Scaldatevi voi il cuore per l’Europa, se siete capaci, ci siamo ripetuti per anni, quando la questione europea era come una maledizione, nessuno si sognava di pronunciarla, men che meno di difenderla. Tutte le involuzioni possibili sono state sperimentate, lotte tra stati, lotte tra partiti, lotte tra funzionari, lotte tra cittadini, mai una gioia con quest’Europa che ogni volta che finiva in un’urna, direttamente o indirettamente, usciva a pezzi. Come un’amante appiccicosa che ha bisogno di continue conferme e a ogni passo perde l’occasione di trovarle, così l’Europa non ne ha mai ottenuta una, anzi, è rimasta piegata da questo suo non rappresentare più alcun valore positivo, ma soltanto un mondo di noie burocratiche e di regole involute. Ci siamo avventati sulla fine dell’Europa, una due cento volte, abbiamo analizzato le sue rughe una a una, sentenziando sulla impossibilità di riscatto.
Abbiamo assaggiato
un pezzo della fine dell'Europa, e siamo scesi in piazza a cantare e fare una conta di mani alzate che ci riguarda tutti
Poi la fine s’è avvicinata, sotto forma di una Brexit informe, di un presidente americano che una volta sorride e il resto del tempo s’allontana, di una Russia che scommette sull’implosione europea dal suo interno – sul disamore – e l’istinto di sopravvivenza ha avuto un sussulto inaspettato, incarnandosi in un leader spuntato dal nulla, che passa il tempo a scansarsi da eredità che non riconosce e tentando allo stesso tempo di attirare consensi che fino al giorno prima non gli appartenevano. Per rinascere l’Europa non poteva che affidarsi all’azzardo di Macron, e anche questo se ci si pensa ha un che di drammatico e di meraviglioso, perché si sentono ovunque scricchiolii di fragilità eppure è evidente che solamente il fascino del nuovo arrivato poteva provare a salvare un progetto che soffre di decadenza.

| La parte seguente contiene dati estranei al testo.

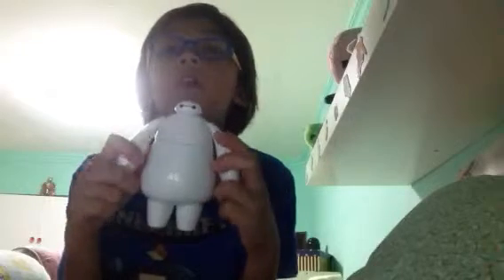And there you guys go. That is the Baymax mini fan toy. I hope you guys do enjoy this viewing. Please subscribe, like, and comment what you think I should do next time. I'll see you guys all later. Goodbye, mates.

La Le Pen non entra in uno studio tv se c’è la bandiera dell’Europa, pretende di farla rimuovere, e Macron si avvolge con quella bandiera, talmente orgoglioso che appare strafottente. Pulse for Europe, il battito per l’Europa, è la nuova icona della piazza che vuole costruire un amore che pareva impossibile, canta l’Inno alla gioia e porta dei muri di cartoni per poi tirarli giù, sventolando stelline, perché l’Europa questo è, questo ha fatto, ha tirato giù muri. In molte città europee ormai da settimane ci si vede alla domenica con addosso l’abito del patriottismo europeo – questo sconosciuto – e ci si ricorda l’un l’altro che ci vogliono cambiamenti, certo, ma che questa galassia così male poi non è. “Penso che la cosa importante sia riportare l’emozione nel progetto europeo”, ha detto una delle organizzatrici di un incontro a Berlino, i cuori tiepidi e gli schizzinosi sono uomini di un altro tempo, oggi si chiede uno sforzo in più, uno slancio in più, per restare in questa galassia, almeno: il disamore non può vincere sempre, soprattutto se poi la vita, l’abitudine, racconta un’altra storia. “L’Unione europea se le dimentica queste cose. Una volta abbiamo chiesto: ‘Chi di voi si è innamorato in un altro paese europeo?’. Dovevate vederle, tutte quelle mani alzate”.